But there was one performance this year that stunned me. It sank its hooks in my heart. Not because it was good; there was nothing good about it. But it was effective and it did its job. It made its intended audience laugh, and show their teeth. It was that moment when the person asking to sit in the most respected seat in our country imitated a disabled reporter. Someone he outranked in privilege, power and the capacity to fight back. It kind of broke my heart when I saw it, and I still can’t get it out of my head, because it wasn’t in a movie. It was real life. And this instinct to humiliate, when it’s modeled by someone in the public platform, by someone powerful, it filters down into everybody’s life, because it kinda gives permission for other people to do the same thing. Disrespect invites disrespect, violence incites violence. And when the powerful use their position to bully others we all lose. O.K., go on with it.

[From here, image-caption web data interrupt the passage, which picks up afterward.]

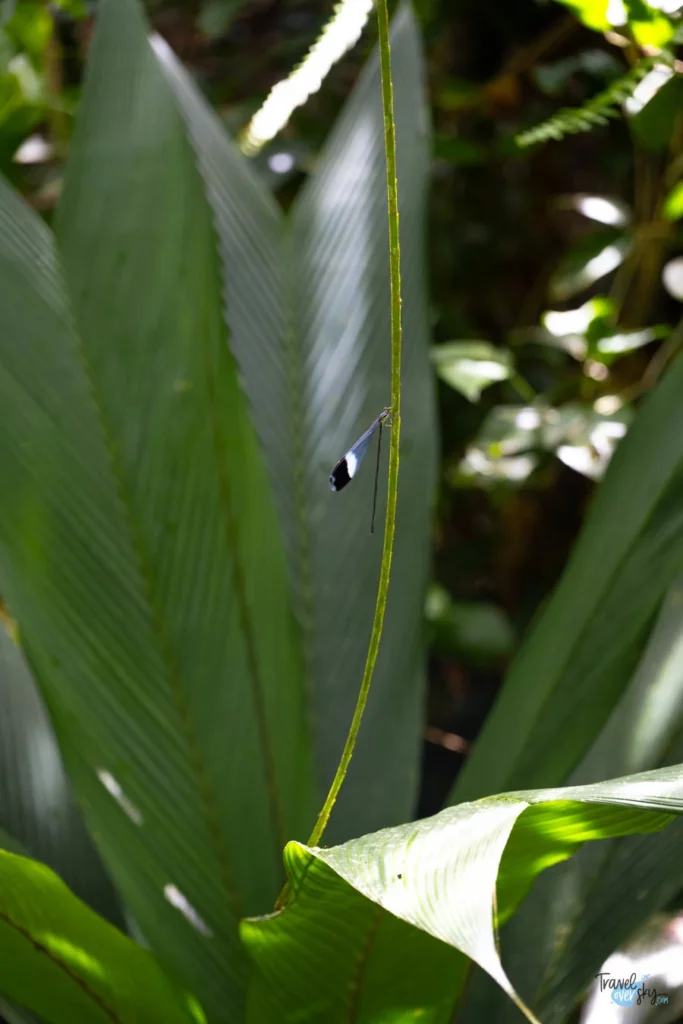 parque-nacional-cahuita-costa-rica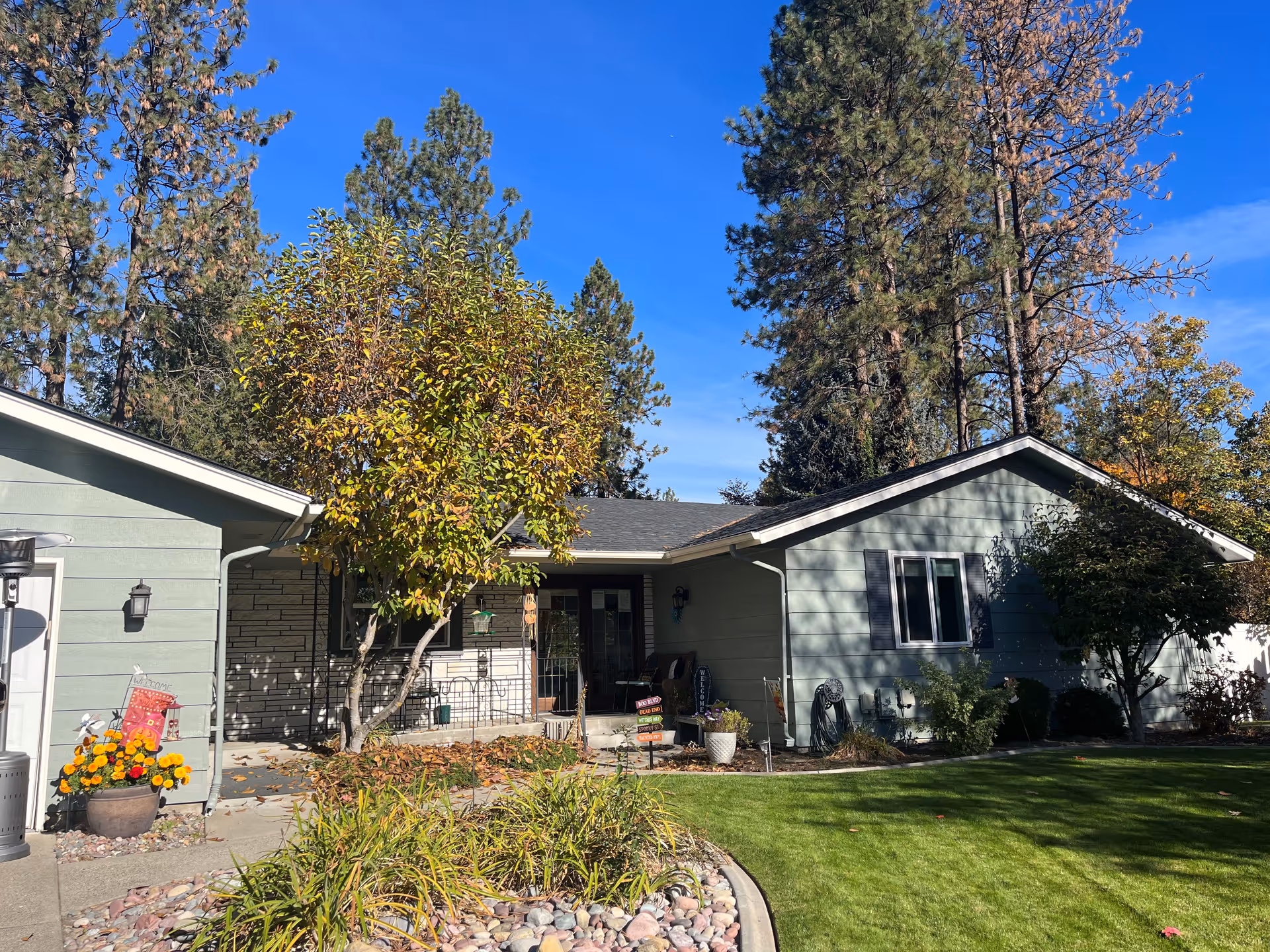 One-story green cottage with a manicured lawn, trees, and a small front porch.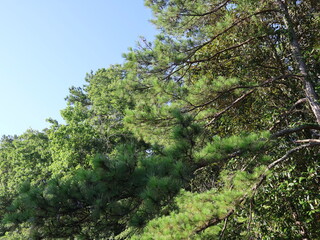 pine tree in the forest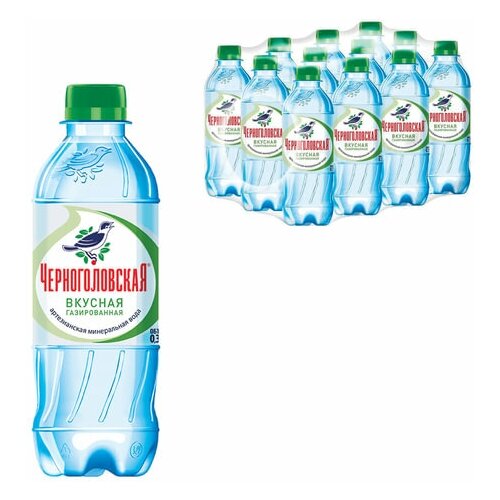 фото Вода газированная минеральная "черноголовская", 0,33 л, пластиковая бутылка, 24 шт. черноголовка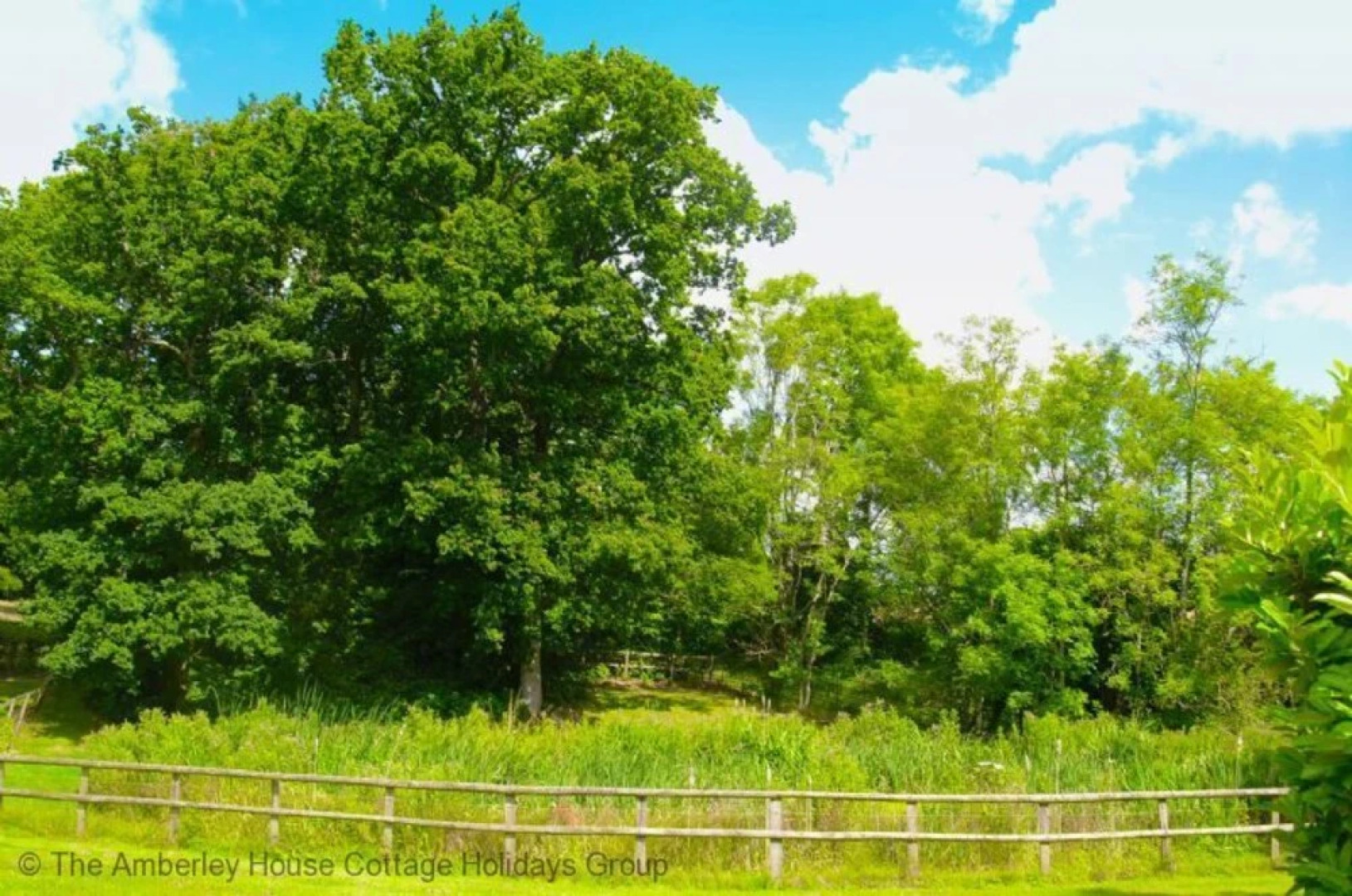 The Woodland Cottage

O.K., this brings me to the press. We need the principled press to hold power to account, to call him on the carpet for every outrage. That’s why our founders enshrined the press and its freedoms in the Constitution. So I only ask the famously well-heeled Hollywood Foreign Press and all of us in our community to join me in supporting the Committee to Protect Journalists, because we’re gonna need them going forward, and they’ll need us to safeguard the truth.

One more thing: Once, when I was standing around on the set one day, whining about something — you know we were gonna work through supper or the long hours or whatever, Tommy Lee Jones said to me, “Isn’t it such a privilege, Meryl, just to be an actor?” Yeah, it is, and we have to remind each other of the privilege and the responsibility of the act of empathy. We should all be proud of the work Hollywood honors here tonight.

As my friend, the dear departed Princess Leia, said to me once, take your broken heart, make it into art.

I don’t strongly disagree with anything Streep said in the speech, aside from her praising her own colleagues for their virtue, and the fact that Trump almost certainly did not mock a disabled reporter for his disability. For the record, I didn’t vote for Trump (or Hillary), and think he’s a pluperfect ass.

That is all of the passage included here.